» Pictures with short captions
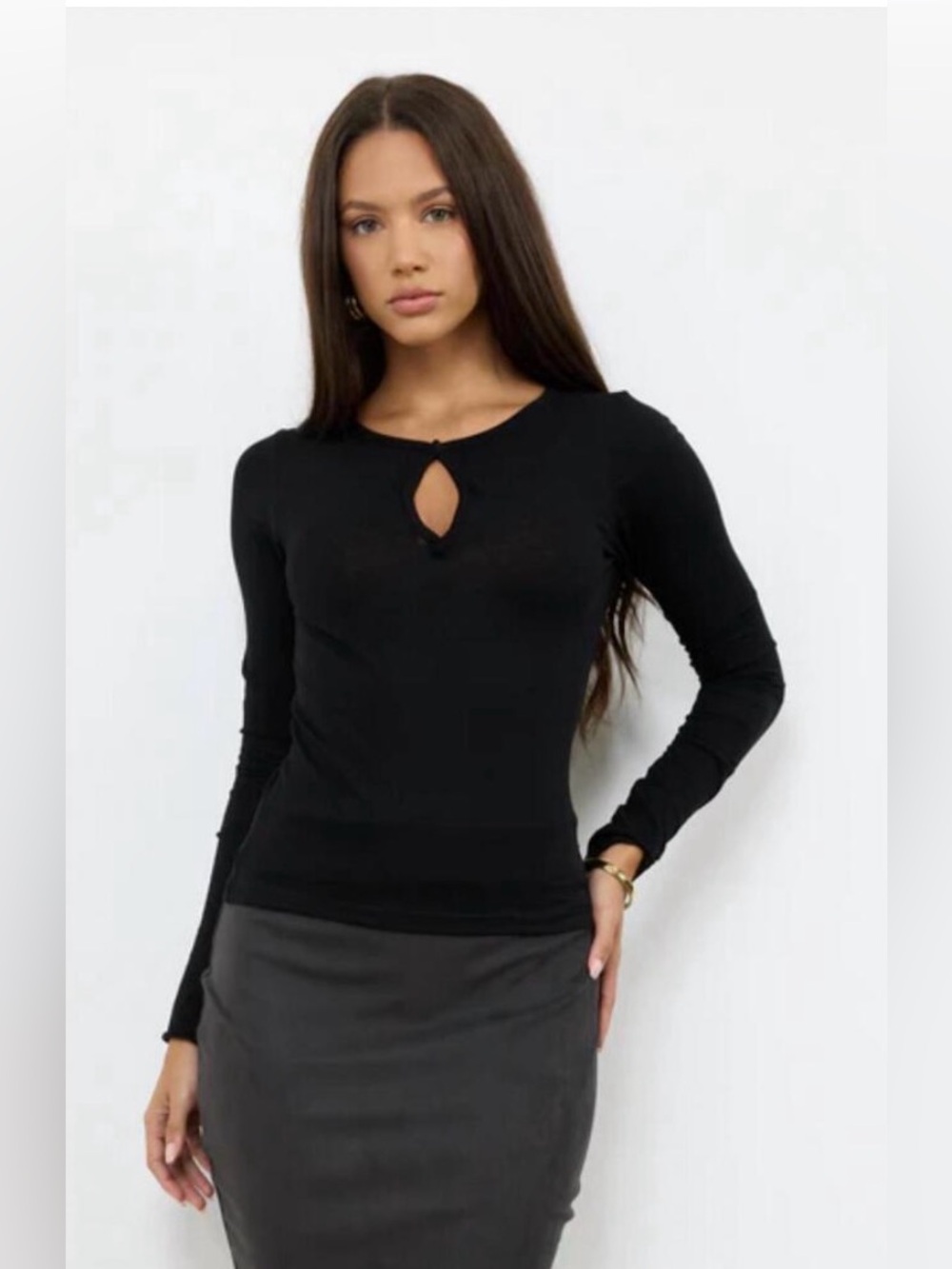 Black Long-Sleeve Keyhole Knit Top with n several colors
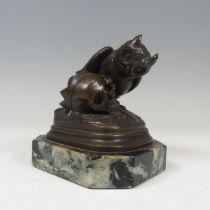 Jean-Baptiste Clesinger (French 1814-1883) - Rien, bronze desk-weight, in the form of an Owl perched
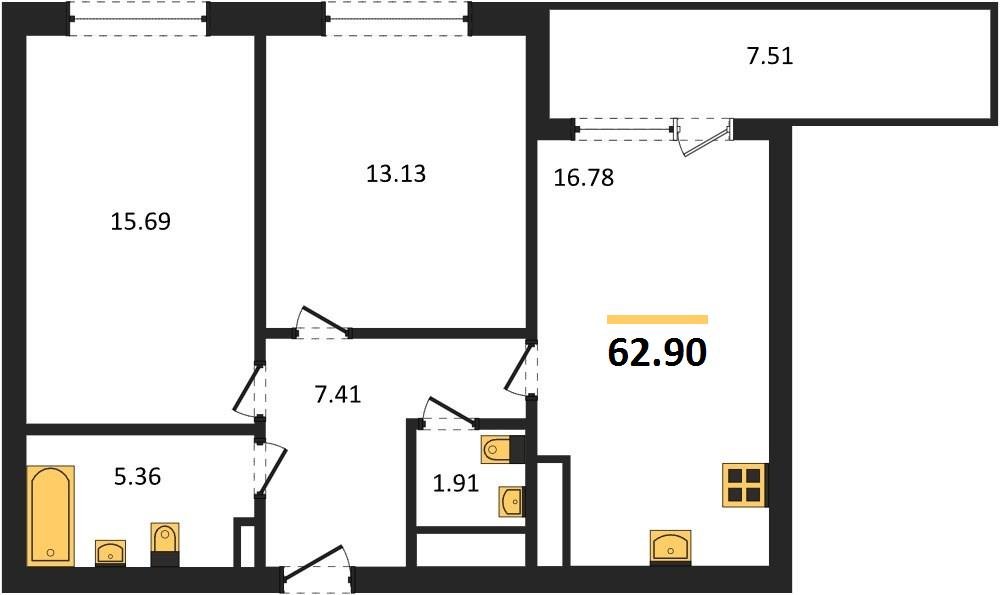 Фото №1: 2-комнатная квартира 62 м² - Краснодар, Прикубанский внутригородской округ, мкр. жилой комплекс Друзья, ул. имени Генерала Брусилова, 28к4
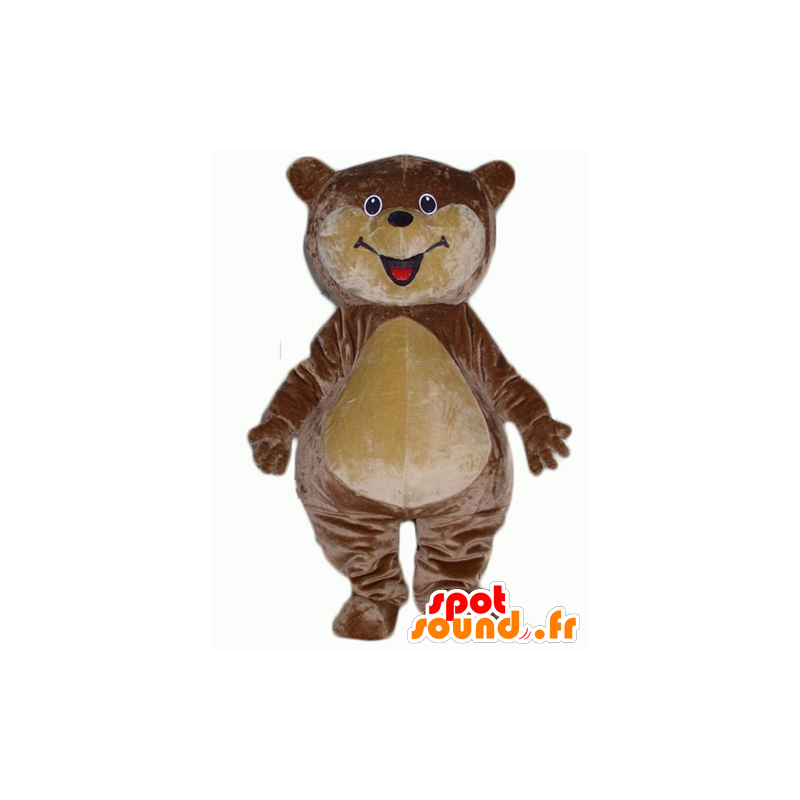 Mascotte de gros nounours en peluche marron et beige, souriant dans  Mascotte d'ours Changement de couleur Pas De Changement Taille L (180-190  Cm) Bon a tirer Non Avec les vêtements ? (si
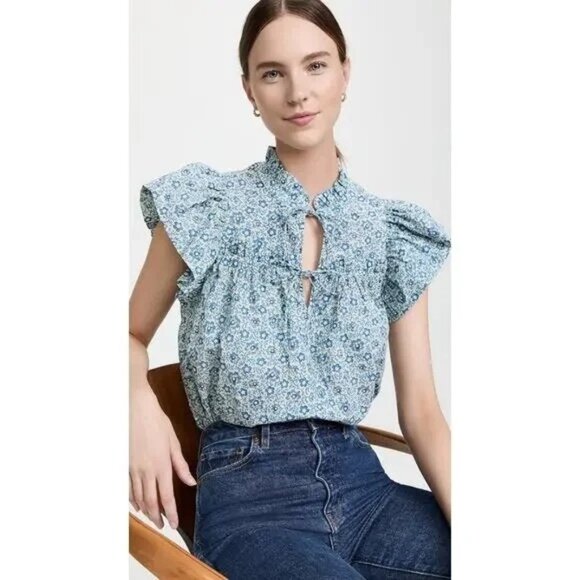 Sea New York Tops - NWOT Sea NY Ida Print Floral Print Ruffle Flutter Sleeve Top SMALL Blue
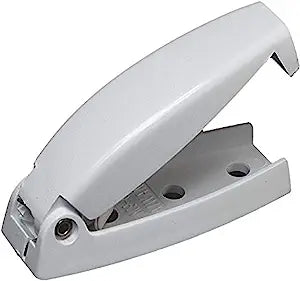 RV Designer Plastic Rounded Baggage Door Catch- White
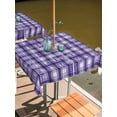 thumbnail image 2 of Outdoor Tablecloth with Umbrella Hole for Patio/Picnic/Party/Camping, Purple Plaid Waterproof Table Cloth Square Cover Washable, Modern Art Checkered Farmhouse (60"x 60"), 2 of 8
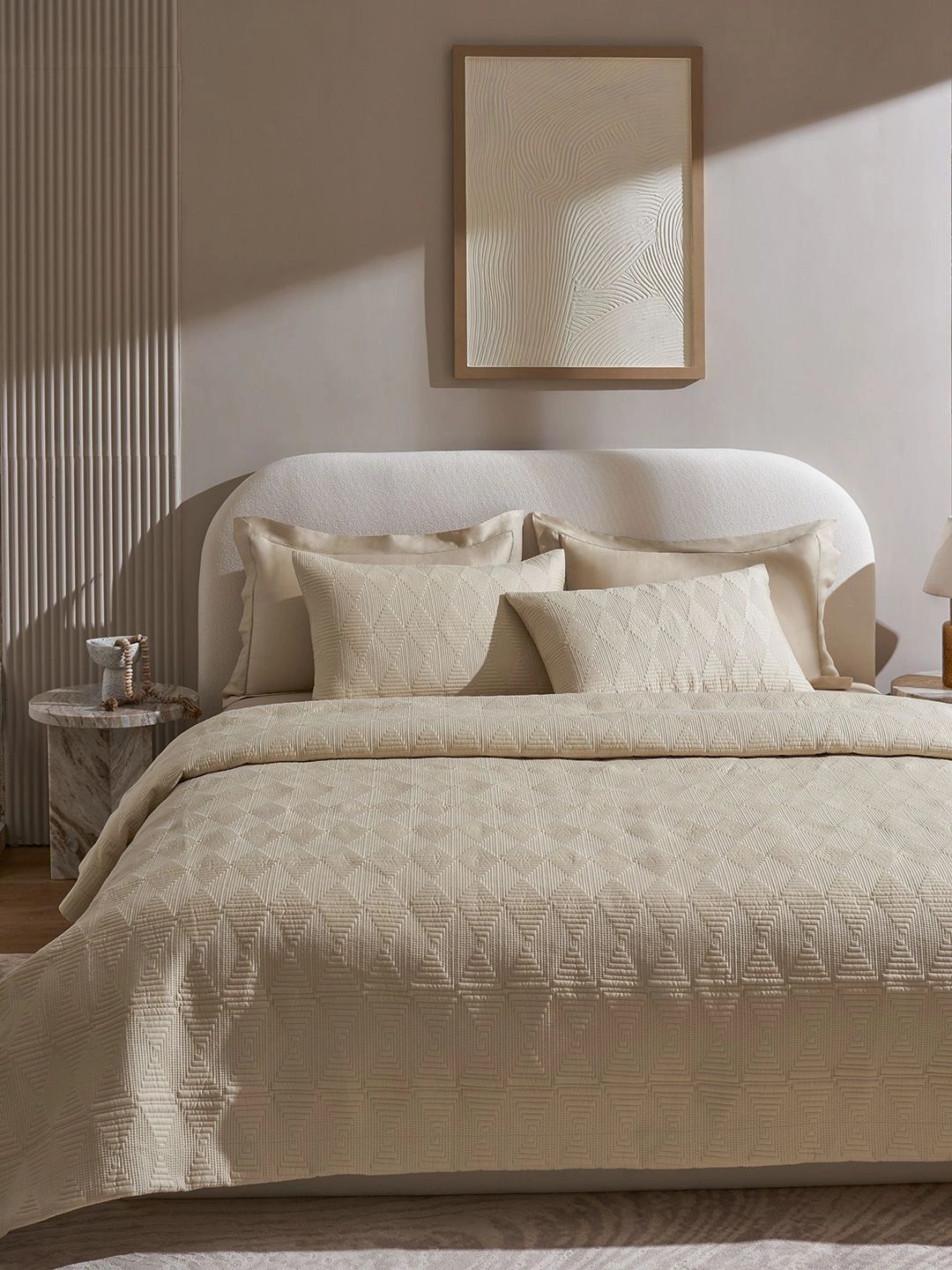 SANSAAR A DDECOR BRAND LIVE CONSCIOUSLY Beige Geometric Cotton 3 Piece Double Extra Large Superfine Bedding Bedding Set-picture-23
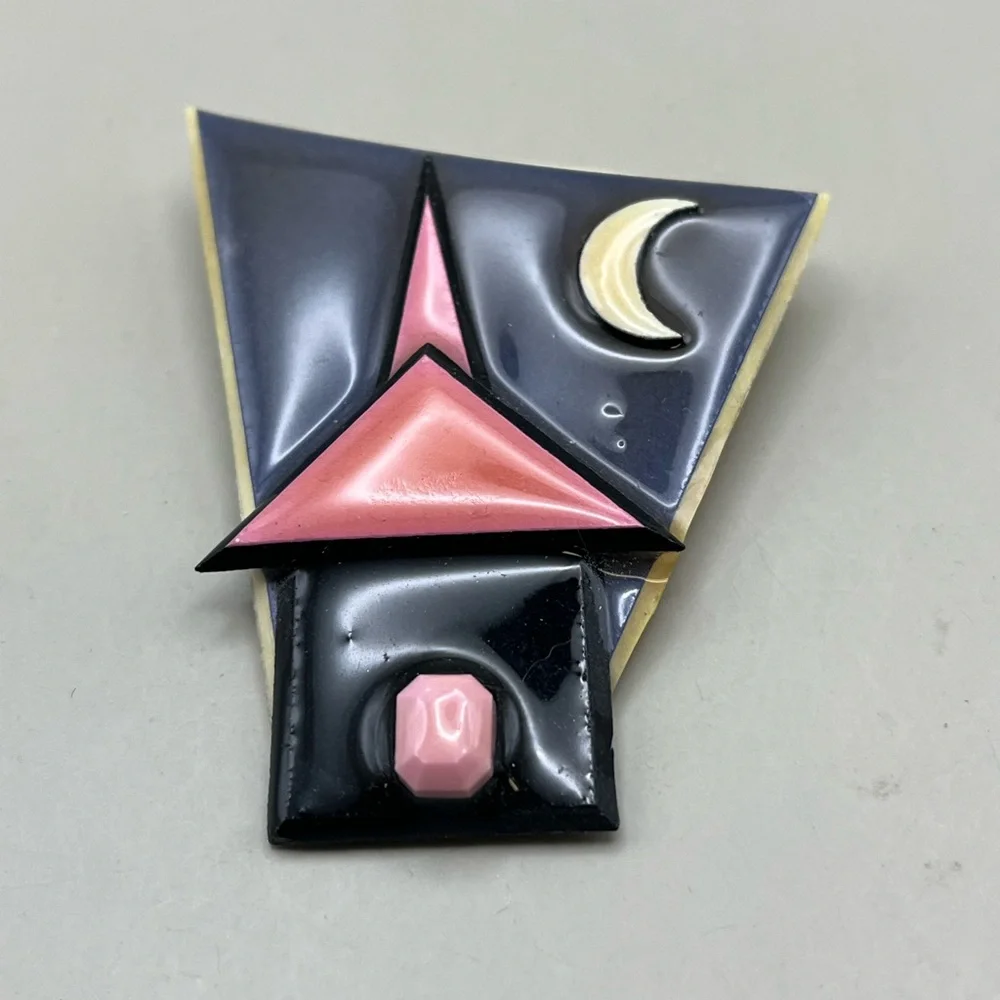 Geometric Brooch with Pink and Black Design Nightime Scene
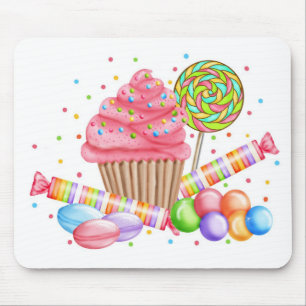 Mousepad Galdérias do doce do pirulito dos doces do cupcake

» Directions for this task
Copy every line exactly, from the opening line of the entries down to the line holding "Geometric Brooch with", and keep the pictures out.

» Output for this task
 Black Long-Sleeve Keyhole Knit Top with n several colors
 Jean-Baptiste Clesinger (French 1814-1883) - Rien, bronze desk-weight, in the form of an Owl perched
 Фото №1: 2-комнатная квартира 62 м² - Краснодар, Прикубанский внутригородской округ, мкр. жилой комплекс Друзья, ул. имени Генерала Брусилова, 28к4
 Mascotte de gros nounours en peluche marron et beige, souriant dans  Mascotte d'ours Changement de couleur Pas De Changement Taille L (180-190  Cm) Bon a tirer Non Avec les vêtements ? (si
 Sea New York Tops - NWOT Sea NY Ida Print Floral Print Ruffle Flutter Sleeve Top SMALL Blue
 RV Designer Plastic Rounded Baggage Door Catch- White
 thumbnail image 2 of Outdoor Tablecloth with Umbrella Hole for Patio/Picnic/Party/Camping, Purple Plaid Waterproof Table Cloth Square Cover Washable, Modern Art Checkered Farmhouse (60"x 60"), 2 of 8
 SANSAAR A DDECOR BRAND LIVE CONSCIOUSLY Beige Geometric Cotton 3 Piece Double Extra Large Superfine Bedding Bedding Set-picture-23
 Geometric Brooch with Pink and Black Design Nightime Scene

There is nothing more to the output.